Śląskie: uciekający motocyklista zepchnięty przez radiowóz z drogi, wiózł broń maszynową i narkotyki
Broń maszynową, ostrą amunicję i narkotyki wiózł zatrzymany przez policjantów z rybnickiej grupy Speed 28-letni motocyklista, który nie zatrzymał się do kontroli i łamał wszelkie przepisy. Ucieczka zakończyła się po kilku kilometrach, kiedy prowadzący radiowóz zepchnął jednoślad do rowu.
O pościgu, który miał miejsce w niedzielę późnym popołudniem, poinformowała rybnicka komenda. Wszystko zaczęło się w pobliżu ulicy 3 Maja w Świerklanach, gdzie policjanci z grupy Speed podczas patrolu zauważyli motocyklistę, jadącego z dużą prędkością pojazdem bez tablicy rejestracyjnej.
„Mundurowi zarejestrowali, że kierowca poruszał się z prędkością 160 km/h w terenie zabudowanym.

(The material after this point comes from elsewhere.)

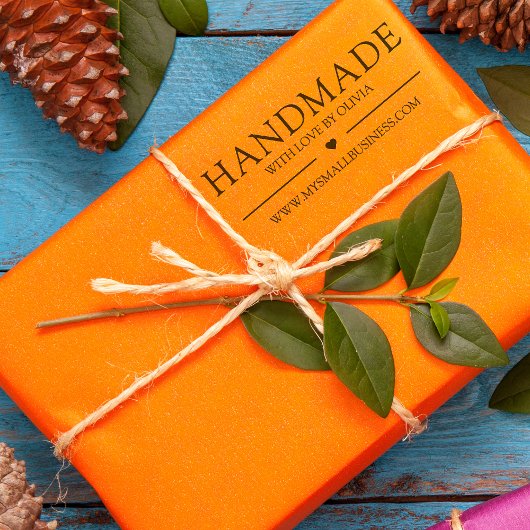 Handgemaakt met liefde Minimalistische Small Busin Rubberstempel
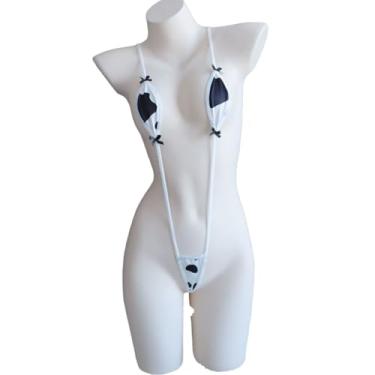Imagem de YUANMO Lingerie feminina anime vaca estilo sling mini biquíni estampa de vaca body peça única, Branco, Tamanho Único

Nie zatrzymał się, przyspieszył i zaczął uciekać. Policjanci ruszyli za nim w pościg. Kierowca ignorował sygnały świetlne i dźwiękowe nakazujące zatrzymanie pojazdu. Przyspieszał, chcąc zgubić mundurowych. Po drodze łamał przepisy ruchu drogowego, m.in. wyprzedzając w miejscach niedozwolonych” – relacjonowała rzeczniczka rybnickiej policji asp. Bogusława Kobeszko.
Mundurowi przez siedem kilometrów ścigali aprilię. W Wodzisławiu Śląskim na łuku drogi zrównali się z motocyklistą i użyli radiowozu, by zatrzymać motocykl. Po lekkim uderzeniu w motocykl kierowca stracił panowanie nad jednośladem i zakończył jazdę w przydrożnym rowie. Próbował jeszcze uciekać pieszo w stronę lasu, ale po krótkim pościgu mundurowi obezwładnili go i zatrzymali.
Okazało się, że to 28-letni mieszkaniec Jastrzębia-Zdroju. Był trzeźwy, jednak narkotester wykazał, że ma w organizmie amfetaminę i marihuanę, pobrano mu krew do badań. W plecaku jastrzębianina stróże prawa znaleźli pistolet maszynowy, ostrą amunicję oraz kilkanaście gramów narkotyków.
Mężczyzna nie miał uprawnień do kierowania, a motocykl nie był ani zarejestrowany ani ubezpieczony. Podczas przeszukania mieszkania 28-latka śledczy z rybnickiej komendy zabezpieczyli jeszcze kilka gramów narkotyków oraz pieniądze w różnych walutach, łącznie około 27 tys. zł.
Podejrzany trafił do policyjnego aresztu, we wtorek usłyszał prokuratorskie zarzuty: posiadania broni palnej bez zezwolenia, posiadania środków odurzających, kierowania pojazdem mechanicznym pod wpływem środka odurzającego, a także niezatrzymania się do kontroli drogowej. Mężczyzna odpowie również za wszystkie wykroczenia drogowe, które popełnił.
Decyzją Prokuratury Rejonowej w Rybniku 28-latek został objęty policyjnym dozorem i zastosowano wobec niego poręczenie majątkowe, nie może też opuszczać kraju. Mężczyzna przyznał się do winy. Był już wcześniej znany policji, ma na koncie przestępstwa narkotykowe.